Happens in: All Platforms.

Reason for Severity: Would solve some day-to-day problems.

Reproducible: N/A

Steps to Reproduce: 
1. Load any page

Actual Results: Page loads after contents are downloaded.

Expected Results: Would be nice if contents were displayed *before* they were 
downloaded.

Related to:
http://bugzilla.mozilla.org/show_bug.cgi?id=60455

As an additional note, what would happen if you "FUTURE" this bug?
Blocks: 60455
According to Microsofts Marketing hype, i was under the impression that IE 6.0
had this... ;).
Dr.

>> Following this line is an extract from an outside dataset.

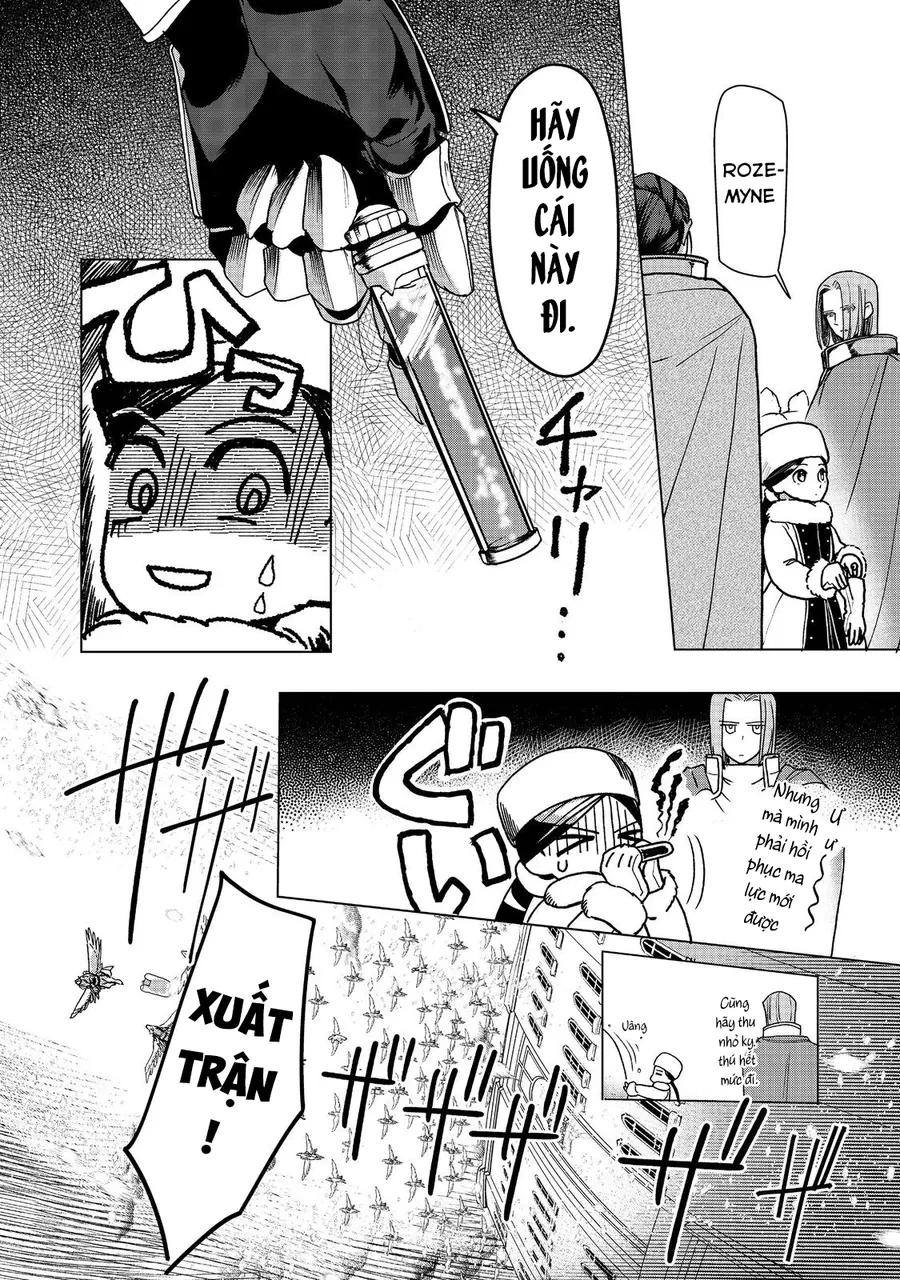 Cuộc Nổi Dậy Của Cô Nàng Mọt Sách - Phần 3 Chapter 49 - 21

Brain, good catch.  I thought about it, but decided against making a 
dependency...Thinking again though, it would indeed solve at least part of the 
problem causing bug 60455.  Well done!
I'm not going to get to this anytime soon.  reassigning
Assignee: asa → bugzilla
Severity: major → enhancement
Summary: RFE: Mozilla should display contents before downloading them → Mozilla should display pages before downloading them
This would be very useful for porn surfing, because downloading porn causes
pop-up ads to appear.
erm... being a bit serious here, could we actually make mozilla display the 
text inside a webpage *before* loading up images?

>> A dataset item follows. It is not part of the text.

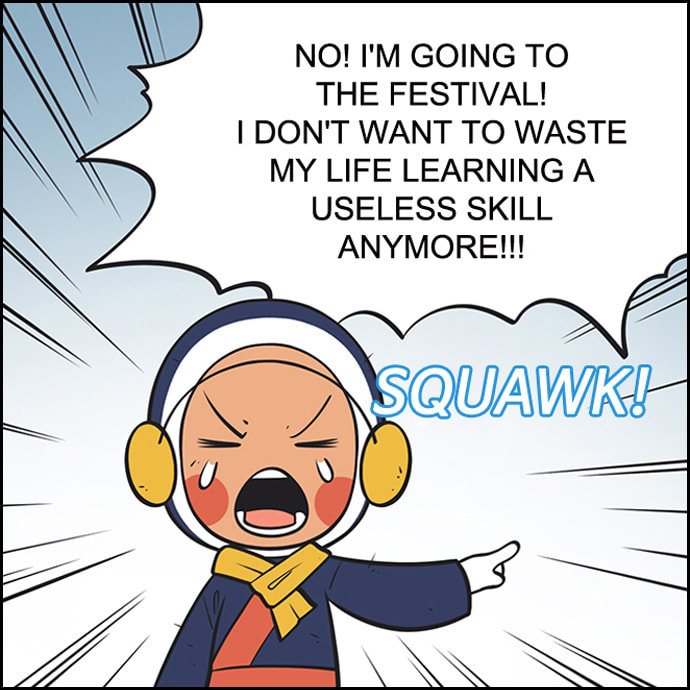 Read Yumi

Many pages that mozilla wont load until every bit is loaded first... It's 
really frustrating, especially "in-fly-generated formats" like php
This could become a topperf I guess ;)
Keywords: perf
How about an option to show the latest cached version of the page, grayed out to
show it's not the latest version but still visible, then update text and images
as it's downloaded. If the site is dead, keep the gray cached version, with a
404 error somewhere. Refreshing.

I'm having deja vu all over again thinking about this cache rfe: was discussed
on wishlist many milestones ago.
Update subject per Jeandré's clarification in order to catch dupe searches
for "cache".
Summary: Mozilla should display pages before downloading them → Mozilla should display cached pages before downloading them
Product: Browser → Seamonkey
:DDDDDDDDD
(In reply to comment #9)
> :DDDDDDDDD

(In reply to comment #9)
> :DDDDDDDDD

(In reply to comment #4)
> This would be very useful for porn surfing, because downloading porn causes
> pop-up ads to appear.
Assignee: bugzillaabuse → nobody
Product: SeaMonkey → Core
QA Contact: doronr → general
Target Milestone: --- → Future
Whiteboard: bugday0420
See also bug 510119.
Imagine: all those google-searches, that you already searched before; All those pages that you just use to find a link to another page.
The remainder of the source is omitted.